For decades, the CPI and CPM have worked to subordinate the working class to Dravida Munnetra Kazhagam (DMK) and then AIADMK state administrations, hailing one, and then the other, as “secular” parties with a “pro-people” agenda. The CPM and CPI backed the AIADMK in the 2011 state assembly elections and share full responsibility for all the state government attacks on the working class.

World Socialist Web Site reporters in Chennai spoke to some of the striking workers this week, who voiced their opposition to the contributory pension scheme.

Prem said: “I have been working as a junior clerk for the last two-and-a-half years but have no idea when I’ll be made permanent. Governments are spending a lot of money on infrastructure development and claim that they don’t have money to give us a pay rise.

“The Modi government is also allocating substantial amounts of money to the military. This also affects us because the government claims it doesn’t have enough money for a wage increase for workers.”

Child-care centre or Anganwadi workers who spoke to the WSWS used pseudonyms, fearing victimisation.

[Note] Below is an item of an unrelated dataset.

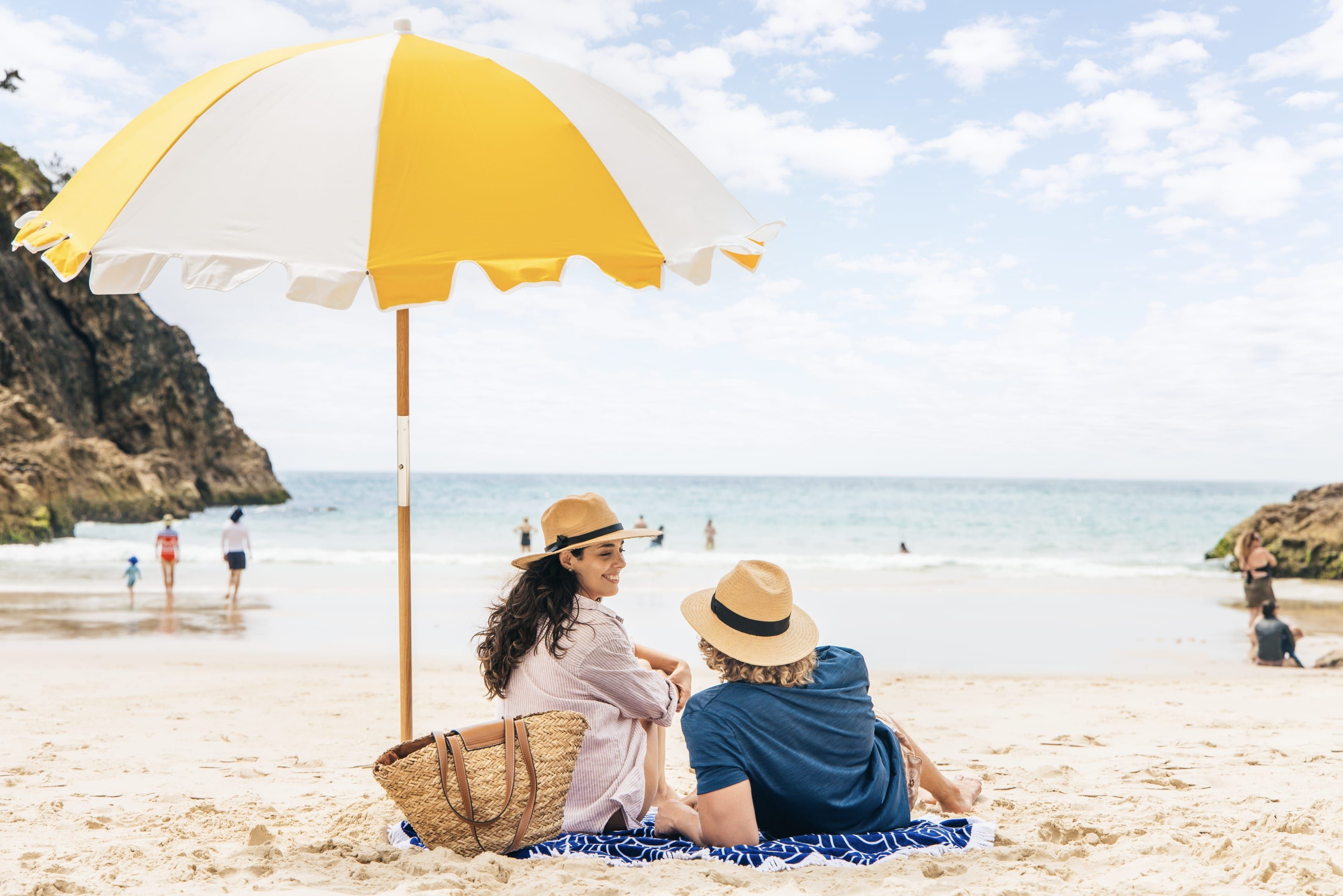 Couple relaxing on South Gorge Beach, the small secluded beach below the North Gorge Walk on Minjerribah (North Stradbroke Island)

Rani, who has been working for 25 years, and is only paid 8,000 rupees ($US119) per month, said: “Most of the workers in this scheme have not been regularised [given permanent jobs]. We’ve also been told to do various other duties, including recording births and deaths, giving polio drops to children and other work related to the elections.

“Although we’re supposed to have a half-day holiday on Saturday and a full day on Sunday, we are often told to do extra work during the weekends but not given any extra payment.

“Both Jayalalithaa and Karunanidhi [leader of the opposition DMK] don’t care about the people. They’re only concerned about their own interests. They do these things for publicity and to gain votes at the election.”

Ammu, a helper, said: “None of the political parties fight for the interests of workers and I’ve seen all of them. I’ve also seen how the AIADMK and DMK governments operated against the workers.

“The Jayalalithaa government hasn’t given us any benefits. [Under the NPS] Jayalalithaa gives us a 1,000-rupee pension once every three months. So after working very hard for a long time this is all we get from the pension fund!”

Lalitha, a teacher, voiced her frustration about her low monthly pay. “There is not much difference between the DMK and the AIADMK governments,” she said.

“Many people said Modi would be a good prime minister but after he came to power he laid his hands on the gas cylinder [i.e., slashed the government gas subsidy]. Now we pay more for the cylinder.”